Directions
Leave the images out. Give every line below again, precisely.

Data extract
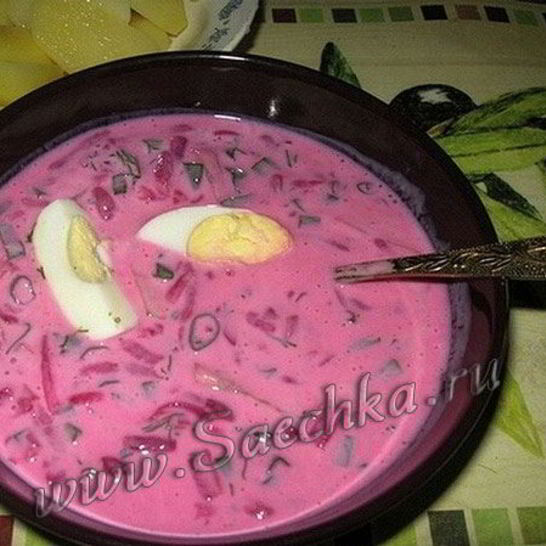 Рецепт холодный борщ на огуречном рассоле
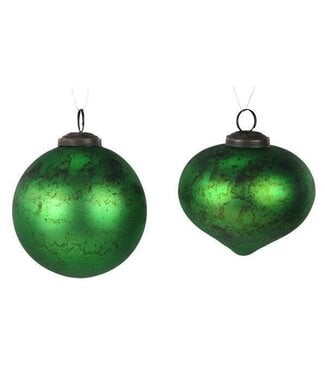 4" Matte Green Rustic Glass Ornament - Sold Individually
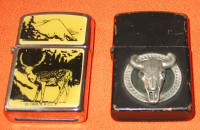 Lighters (2) Buffalo Skull &  Elk  -Used Working - Zippo Style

Written answer
 Рецепт холодный борщ на огуречном рассоле
 4" Matte Green Rustic Glass Ornament - Sold Individually
 Lighters (2) Buffalo Skull &  Elk  -Used Working - Zippo Style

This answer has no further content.